01-04-2006 - Huellas, n.4

San Benito

Hombres con la mirada fija en Dios
hicieron renacer la civilización

En un tiempo en el que el Imperio y todo el mundo se disolvía, san Benito marcó el inicio de una convivencia nueva, de una porción de humanidad que no vivía la existencia en el caos, sino dentro de un orden. Fue el testimonio de una convivencia así lo que generó una civilización. Una compañía en nombre de Cristo, donde cada uno empieza a ser por fin él mismo, porque se hace consciente de su origen, consistencia y destino.
La figura de san Benito sigue siendo sumamente actual


Necesitamos hombres que fijen su mirada en Dios para aprender de él el verdadero humanismo. Necesitamos hombres cuya mente esté alumbrada por la luz de Dios y a los que el propio Dios abra el corazón para que su inteligencia pueda hablar a la inteligencia de los otros y su amor abrirse a los demás. Sólo a través de hombres tocados por Dios, puede el propio Dios volver a habitar entre nosotros. Necesitamos hombres como Benito de Nursia que, en una época de disipación y decadencia, se sumió en la soledad más extrema y, tras pasar por todas las purificaciones que tuvo que sufrir, pudo volver a la luz y fundar Montecasino, una ciudad edificada en la cumbre del monte. A pesar de toda su ruina, aunó las fuerzas de las que surgió un mundo nuevo. De esa manera, Benito, igual que Abrahán, se convirtió en «padre de muchos pueblos». Las recomendaciones a sus monjes, que se recogen al final de su Regla, son indicaciones que nos muestran, a todos, el camino que lleva a lo alto, lejos de las crisis y las ruinas: «Igual que hay un celo amargo que aleja de Dios y lleva al infierno, hay un celo bueno que aleja de los vicios y conduce a Dios y a la vida eterna.
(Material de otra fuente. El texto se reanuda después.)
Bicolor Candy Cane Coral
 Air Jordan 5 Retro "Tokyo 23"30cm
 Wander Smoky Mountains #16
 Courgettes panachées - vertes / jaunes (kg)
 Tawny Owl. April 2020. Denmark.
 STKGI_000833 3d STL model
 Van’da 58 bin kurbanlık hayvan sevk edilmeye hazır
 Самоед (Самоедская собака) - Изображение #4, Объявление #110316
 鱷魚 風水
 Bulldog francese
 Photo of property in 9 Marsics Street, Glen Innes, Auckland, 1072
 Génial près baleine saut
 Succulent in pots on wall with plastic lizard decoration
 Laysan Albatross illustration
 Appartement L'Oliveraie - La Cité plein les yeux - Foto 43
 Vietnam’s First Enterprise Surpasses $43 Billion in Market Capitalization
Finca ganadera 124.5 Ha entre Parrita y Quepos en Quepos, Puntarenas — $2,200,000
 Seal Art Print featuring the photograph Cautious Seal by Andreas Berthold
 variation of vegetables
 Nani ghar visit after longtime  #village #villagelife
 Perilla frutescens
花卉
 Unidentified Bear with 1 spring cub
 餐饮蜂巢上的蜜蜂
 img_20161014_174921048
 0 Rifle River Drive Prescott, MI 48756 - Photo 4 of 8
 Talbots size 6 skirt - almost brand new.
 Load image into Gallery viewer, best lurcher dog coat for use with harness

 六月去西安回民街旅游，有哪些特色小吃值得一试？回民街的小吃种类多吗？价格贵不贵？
Éste es el celo en el que los monjes deberán ejercitarse con amor ardiente. Que se superen unos a otros en colmarse de honores, que soporten con suma paciencia sus respectivas enfermedades físicas y morales (...) Que se amen unos a otros con amor fraterno (...) Que amen a Dios sin olvidar el temor (...) Que no antepongan absolutamente nada a Cristo, que nos conducirá a todos a la vida eterna» (capítulo 72).
(Joseph Ratzinger, Conferencia sobre “Europa en la crisis de las culturas”,
en la entrega del Premio San Benito. Subiaco, 1 de abril de 2005)


...hubo un tiempo en que esta compañía, o este camino, tenía un perímetro imponente, imponente por la robustez de sus muros, imponente por su arrojo estético. Nada más hermoso y fascinante, en las lejanas épocas, que el monasterio. Sus muros eran defensa de los enemigos, incluso físicos, y la belleza de su arquitectura tenía un solo rival: la belleza del canto y de la oración que se alzaba entre esos muros, bajo sus bóvedas. Ahora todo se ha vuelto más espiritual, todo se ha vuelto más sutil, parece más inconsistente; no tenemos esos muros de más de un metro de profundidad, no tenemos esas volutas arquitectónicas, esos espacios que atraían al alma por sí mismos, no tenemos esa sugerencia fascinante del canto y de la oración regular. Existe una compañía, la que hay entre nosotros, nuestra amistad, una compañía en la que todo depende de la buena voluntad de los que la conforman, de la voluntad de sus miembros. Esta compañía debe sustituir a esos muros, debe rastrear el eco de aquellos cantos y oraciones, debe saber inspirar una mirada que haga percibir por lo menos de alguna forma el atractivo físico de Dios que se transparenta en su realidad dentro del mundo, el atractivo del signo de Cristo, ese atractivo que es signo de Cristo.